If Zhan was ‘expressing’ in the style of modernist masters, he is ‘representing’ a superrealism style. Having experienced such transition from ‘aerial viewer’ to ‘eye level viewer’, Zhan’s angle of view is different from the norm.. This transition coincides with the transition of the 80s and 90s and the 20th century. Described by critic Yi Ying, it is “from ode to heroes to commonplace world”. In 1991, the “New Generation Art Exhibition” was held in the Chinese History Museum of Beijing, Zhan Wang’s “Sitting Girl” was the only selected sculpture. Artists of this exhibition didn’t care much about ‘ideal’, ‘sanity’ and the grand narrative they concentrated on the personal experiences. It enables them to express people around them ‘in close distance’. The works are extremely ‘objective’ on the surface. However if we look closely, we can find works of the ‘New Generation’ artist Liu Xiaodong and Zhan Wang that have things in common: quiet and objective.
Two reprehensive works of Zhan at the time was “Sitting Girl” and “Woman Lost-weight”. The former chose the embarrassing moment of a girl standing up while she was experiencing her menarche and the latter presents the moment when a plump woman fell. Capturing the moment of the two who lost weight (the former psychologically and the latter physically) demonstrates Zhan’s typical ‘tricky’ attitude on the one side along with his usual point of view; on the other side the freeze frame of an abnormal moment is actually ‘stick’ to daily life — people experience regular reality in irregularity. Such regularity also echoes his art language ‘superrealism’. Moreover, using such extremely striving creations, Zhan Wang wanted to sink into a still state (using only his hands rather than his brain) through a detailed description to the object. It’s his ‘zeroing’ state.

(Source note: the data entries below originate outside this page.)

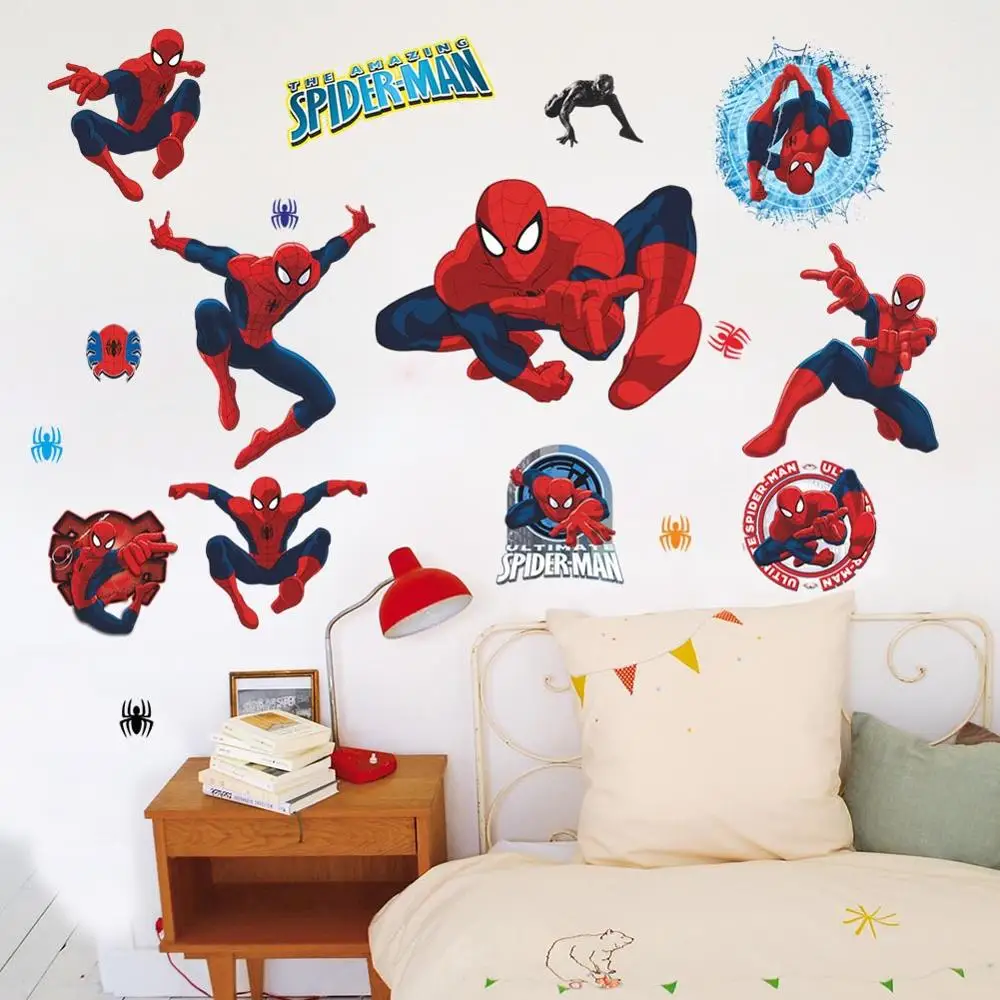 Disney Spiderman Living Room Background Sticker Kids Room Bedroom Wall Decorative Sticker Waterproof Removable - Цвет: 1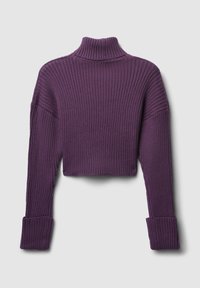Kragenloser, gerippter Pullover in Dunkelviolett. Verfügt über lange Ärmel mit breiten, gerippten Bündchen und zeigt ein strukturiertes Strickdesign.
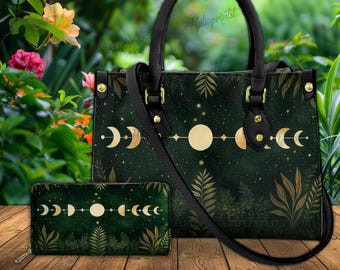 Mondphase Umhängetasche, Celestial Forestcore Lederhandtasche, Mond Geldbörsen, Halloween Tasche, Geschenk für Sie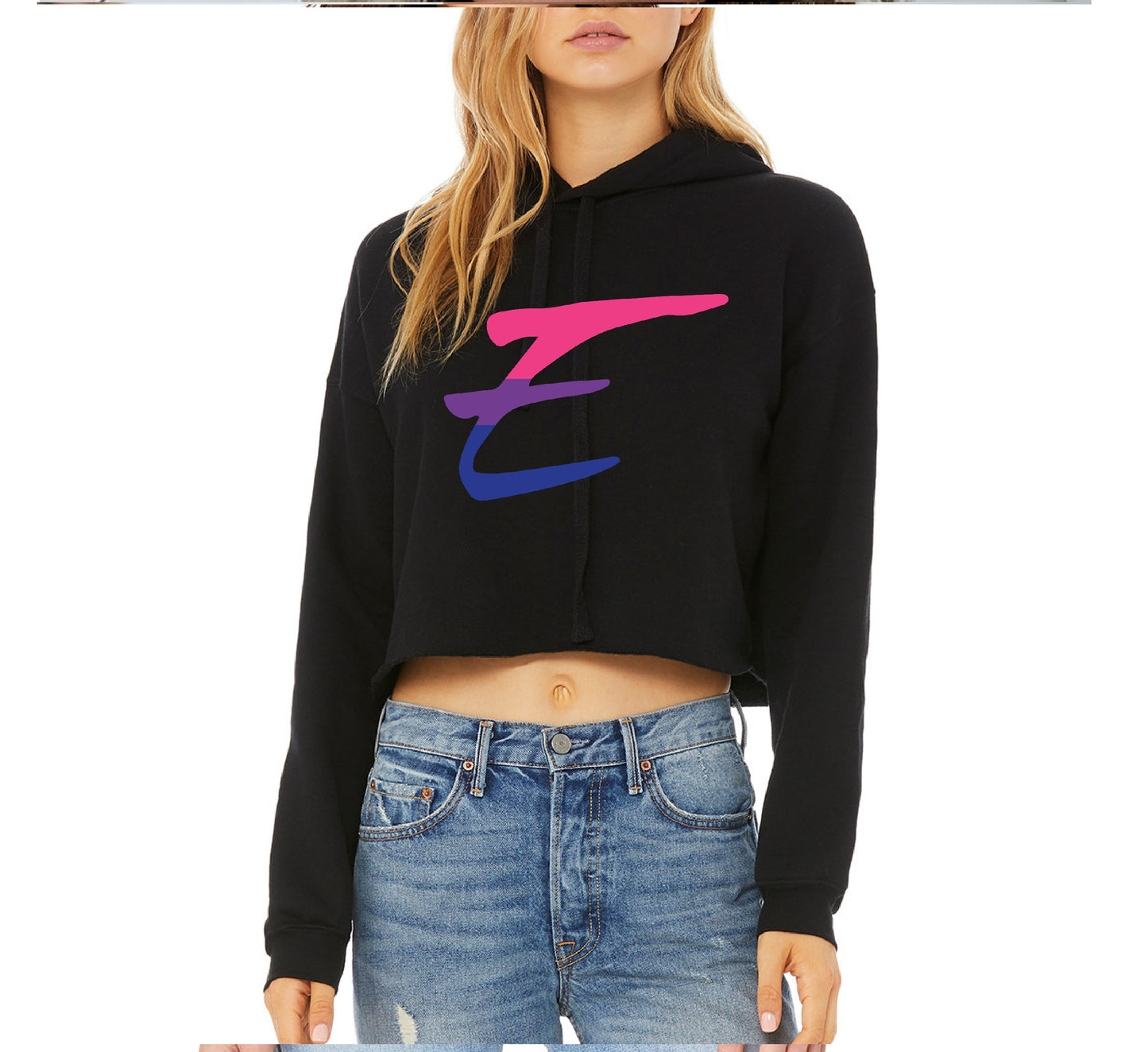 Crop Top Crewneck Sweatshirt Pick Design
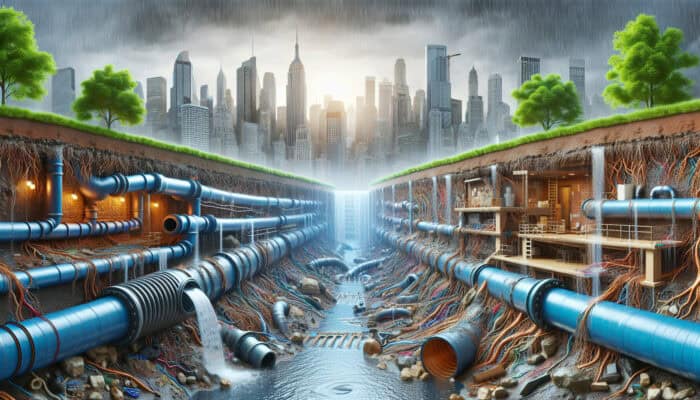 Detailed illustration of the Port Moody sewer system showcasing various issues such as root intrusion, corrosion, blockages, cracks, sagging, and improper installations, particularly during heavy rain.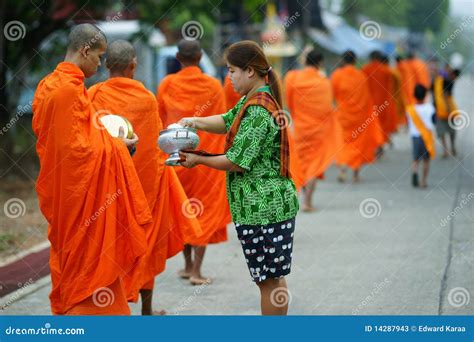 Mon Buddhist Monks Collecting Alms Editorial Stock Photo Image Of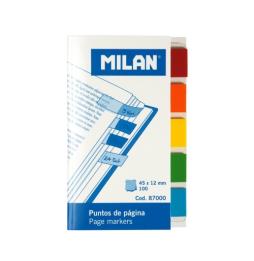 MILAN MARCADORES DE PÁGINA 100 PUNTOS 45X12MM 5 COLORES TRANSPARENTES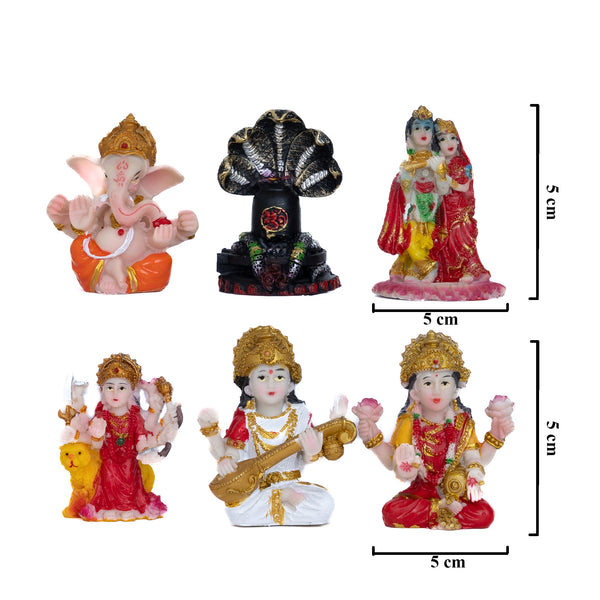 Multicolor Polyresin Mini Hindu God Figurines Set, 2" Pooja Mandir Decor by Sona Casa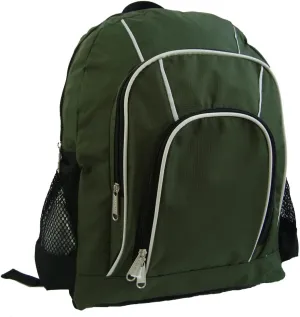 K-Cliffs 16 Inch Rip-stop Multi Pocket Backpack w/Side Mesh Pockets Olive Green
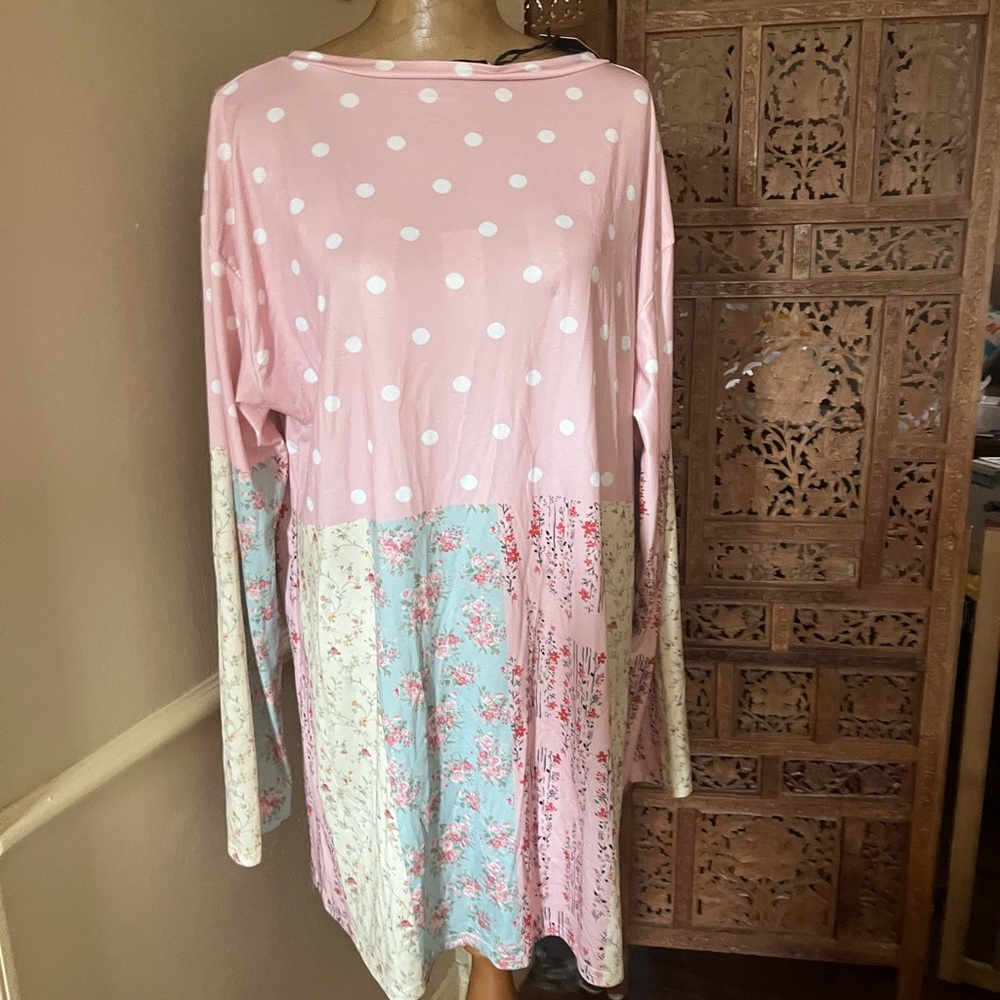 Lily By Fermina Pink Polka Dot and Floral Long Sleeve Top - Picture 3 of 4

In 1991, Zhan Wang participated in the “Traces of Existence: Internal Observing of Contemporary Art” Exhibition curated by Feng Boyi and Cai Qing at Yaojiayuan, Beijing. Zhan exhibited his new performance work that involved participation of the audience “New Art Quick Training Workshop”. It’s written in “Operating Rules and Precautions”: “You don’t have to keep confident of whether there’s original copy in the clay sculpture sedulously, but if not being asked, you could pretend to be careless and not talk. It’s very important to learn about the labor, for example mix the clay thinly; it’s better to wipe the mud on the original copy by yourself, then your traces would be kept and prove it’s your work. Don’t forget to take photos.” — The irony for ‘original copy,’ is the doubt it produces on the value of ‘traces’ and ridicule of the empirical. Here Zhan offers a cruel irony to academic education and idols in art history. Speaking of continuity, after 10 years, Zhan had totally ruptured the style he imitated.